Claims 1-10 are rejected under 35 U.S.C. 101 because the claimed invention is directed to an abstract idea without significantly more. Claims 1-10 are directed to one of the eligible categories of subject matter.
With respect to independent claims 1, 6 and dependent claims 8, 9, 10, the execute, converting, generating covers performance of the limitations manually and/or in the mind (mental processes abstract idea). The providing limitations are recited at a high level of generality and do not add meaningful limitations to the abstract idea; these limitations are directed to insignificant extra solution activities. The claims as a whole merely describe how to generally “apply” the exception in a computer environment using generic computer functions or components. Even when viewed in combination, these additional elements do not integrate the abstract idea into a practical application because they do not impose any meaningful limits on practicing the abstract idea. The claims do not include additional elements that are sufficient to amount to significantly more than the judicial exception. The claims are not patent eligible.
With respect to dependent claim 2, 3, 4, 5 the initiating, reading, controlling, execute, defined cover performance of the limitations manually and/or in the mind (mental processes abstract idea). The sensor, actuator, device, provide are recited at a high level of generality and do not add meaningful limitations to the abstract idea; these limitations are directed to insignificant extra solution activities.
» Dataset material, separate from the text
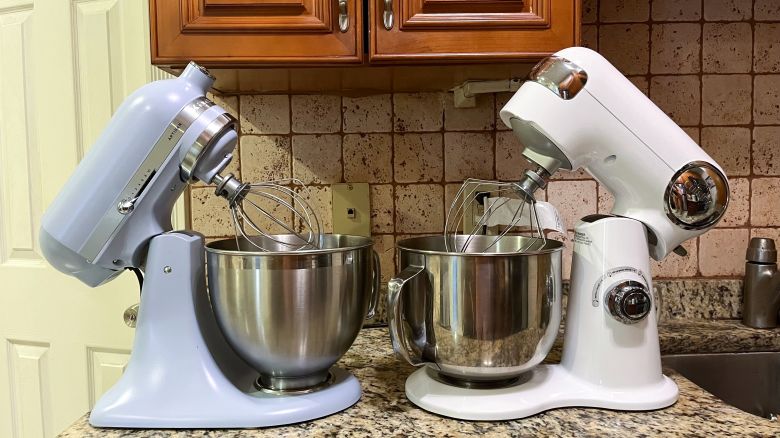 LEAD-KitchenAid-vs-Cuisinart-CNNU-06.jpg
The claims as a whole merely describe how to generally “apply” the exception in a computer environment using generic computer functions or components. Even when viewed in combination, these additional elements do not integrate the abstract idea into a practical application because they do not impose any meaningful limits on practicing the abstract idea. The claims do not include additional elements that are sufficient to amount to significantly more than the judicial exception. The claims are not patent eligible.
With respect to dependent claim 7, the convert, compile, select cover performance of the limitations manually and/or in the mind (mental processes abstract idea). No additional elements are recited and so the claims do not provide a practical application and are not considered to be significantly more. The claims are not eligible.
Claim Rejections - 35 USC § 102
In the event the determination of the status of the application as subject to AIA 35 U.S.C. 102 and 103 (or as subject to pre-AIA 35 U.S.C. 102 and 103) is incorrect, any correction of the statutory basis (i.e., changing from AIA to pre-AIA ) for the rejection will not be considered a new ground of rejection if the prior art relied upon, and the rationale supporting the rejection, would be the same under either status.
The following is a quotation of the appropriate paragraphs of 35 U.S.C. 102 that form the basis for the rejections under this section made in this Office action:
A person shall be entitled to a patent unless –
(a)(1) the claimed invention was patented, described in a printed publication, or in public use, on sale, or otherwise available to the public before the effective filing date of the claimed invention.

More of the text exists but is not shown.